## How to complete this task
Line for line, return the data exactly, omitting all pictures.

## Supplied data
= Beginning of Section =

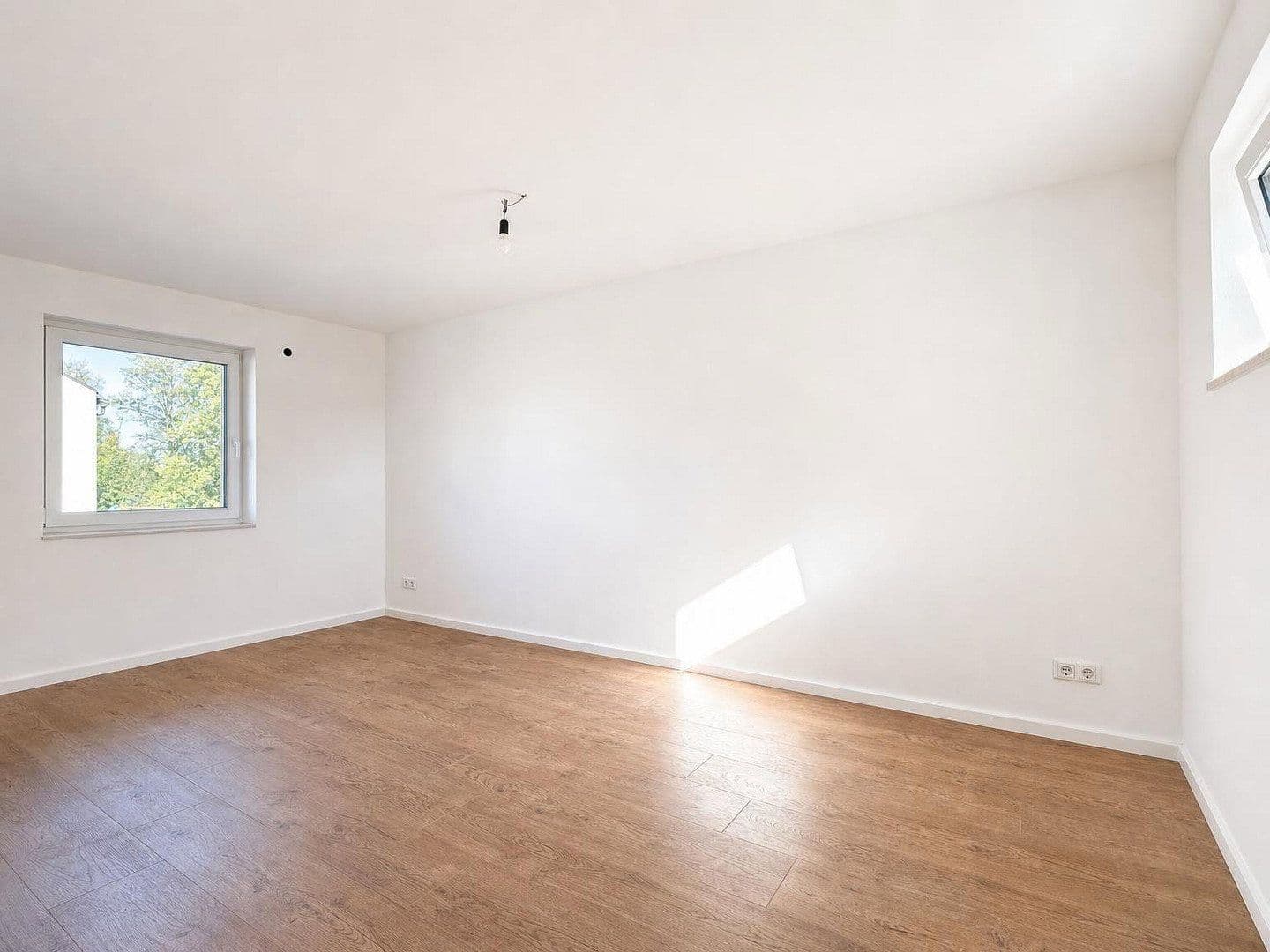 Pronájem bytu 5+1 115 m², Ergolding, Bavorsko Pronájem bytu 5+1 115 m², Ergolding, Bavorsko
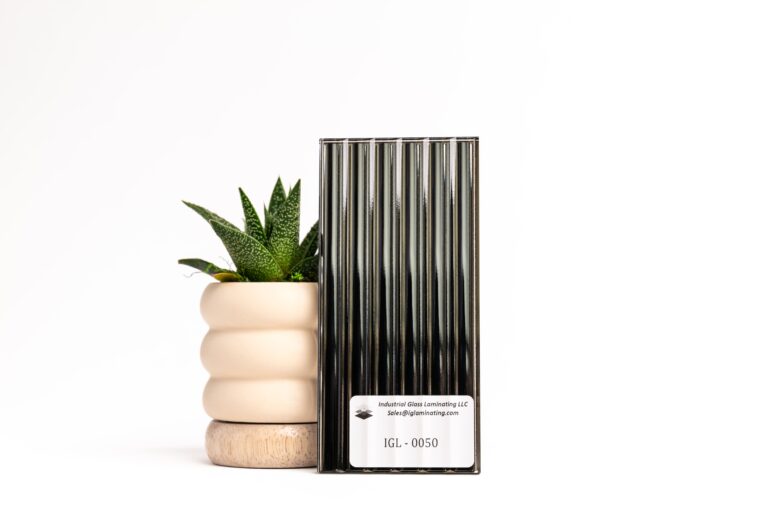 IGL-0050-Fluted/reeded glass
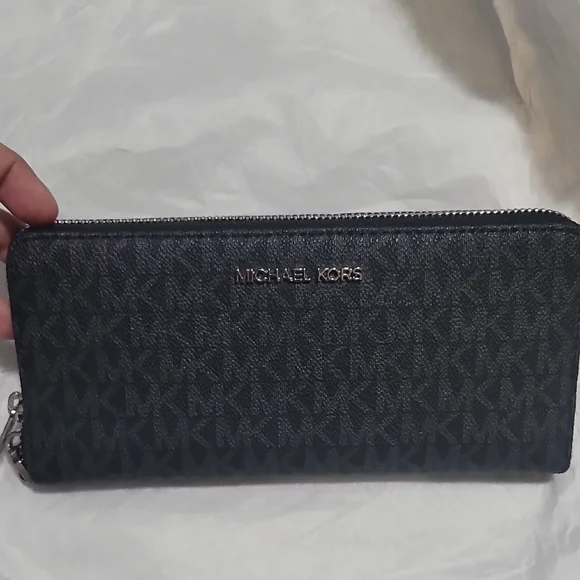 Michael Kors Black Wallet - Picture 1 of 4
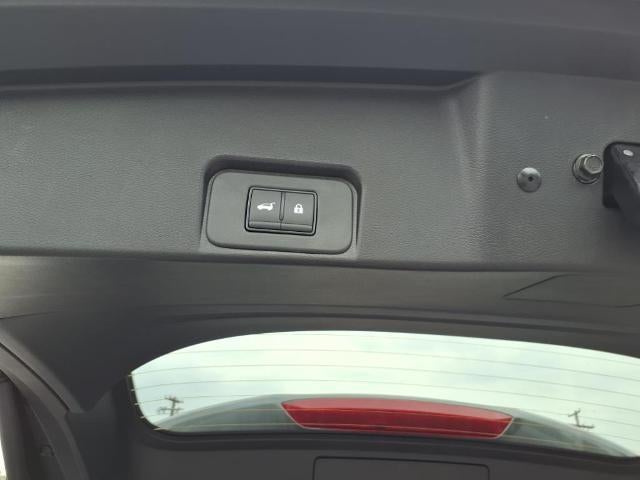 2026 Nissan Rogue FWD SV *Ltd Avail*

= End of Section =

## Exercise result
 Pronájem bytu 5+1 115 m², Ergolding, Bavorsko Pronájem bytu 5+1 115 m², Ergolding, Bavorsko
 IGL-0050-Fluted/reeded glass
 Michael Kors Black Wallet - Picture 1 of 4
 2026 Nissan Rogue FWD SV *Ltd Avail*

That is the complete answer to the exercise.